Page One
Pacifist offers no insight
Editor:
Your recent page 1 article (Nov. 22-23) about the lecture by Ms. Ann “bombs are illegal” Ginger was a real hoot. She asserts that our American constitutional civil liberties are somehow derived from the Charter of United Nations. Wrong. Our constitutionally-protected civil liberties date back over 200 years to the Revolutionary War and the Declaration of Independence in 1776. The first 10 amendments, aka, The Bill of Rights, were added to the United States Constitution in 1791, over 200 years ago. Our American rights are also derived in part from English common law, which in turn dates back to the Magna Carta, signed by King John in 1215.
The United Nations was created by the United States and England in World War II as an umbrella to unite the forces fighting the Axis powers of Germany, Italy and Japan. The term “United Nations” sounded better than “the two biggest English-speaking imperialist powers” to the peoples of rest of the world. The Charter of the United Nations was formalized in 1945 in San Francisco.
Having been an anti-Vietnam war protester in the late 1960s and the early 1970s, I believe that I have some perspective on the present situation of international terrorism. However, I don’t believe that the current Berkeley pacifist anti-war movement has much wisdom to offer us. It seems that the Berkeley pacifist anti-war movements have had pretty thin pickings in the last decade or so. First they put themselves in the odd position of supporting the invasion of Kuwait by the brutal Iraqi dictator. Now they have seemingly put themselves in the position of supporting the insane Osama bin Laden, his al-Qaeda terrorist network and his Taliban supporters. Waving Tibetan peace flags and chanting “Om” in Berkeley will not stop terrorism across the world.

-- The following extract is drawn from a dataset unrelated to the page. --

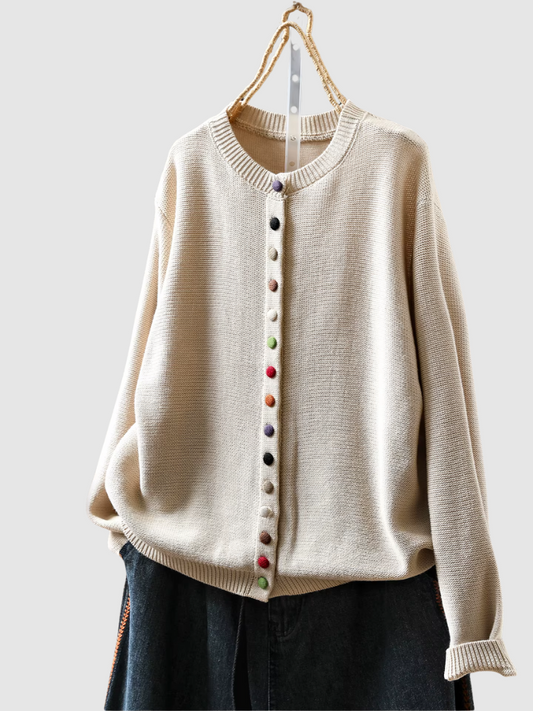Cardigan Damen Relaxed Fit Casual Mehrfarbige Knöpfe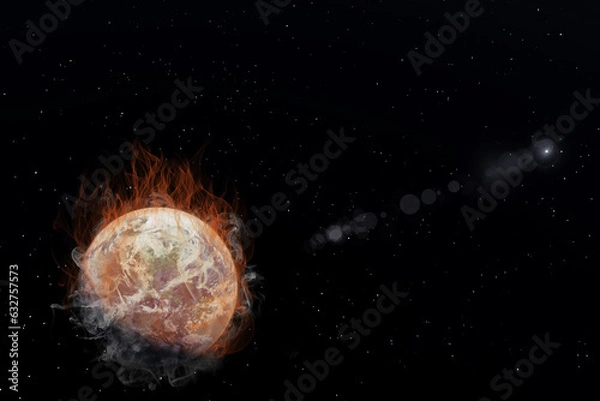 Fototapeta Planet Earth is on fire and smoke with a shining sun in the dark background. 3D Rendering Illustration Wildfire political concept idea in 8K resolution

One cannot “take them (the terrorists) to court” as Ms. Ginger suggests, if they laughingly ignore a court subpoena. Just recently the Taliban spokesmen have again said that they “do not know where bin Laden is.”
Of course the Taliban, brutalizers of women, men, and children and destroyers of unique and priceless monuments of cultural history, have a habit of continually lying. The Taliban suggested that we “forget about the events of September 11 (the destruction of the World Trade Center).”
Funny, Ms. Ginger doesn’t seem to say a thing against the Taliban’s severe oppression of women. Not a word about the cheers of the people of Kabul, the dancing in the street, the playing of music and the flying of kites after the Taliban and their “Religious Police” fled the city last week. It must be painfully galling for Ms. Ginger to realize that our military assault on the al-Qaeda and the Taliban is paying off. The bombing in Afghanistan will stop when the al-Qaeda terrorists and their Taliban supporters are defeated and destroyed as viable political forces.
It is a very good thing that Ms. Ginger and her pacifist buddies were not in control when we fought and won our Revolutionary War in 1776, when we fought and won the Civil War and when we fought and won World War II against the Axis powers.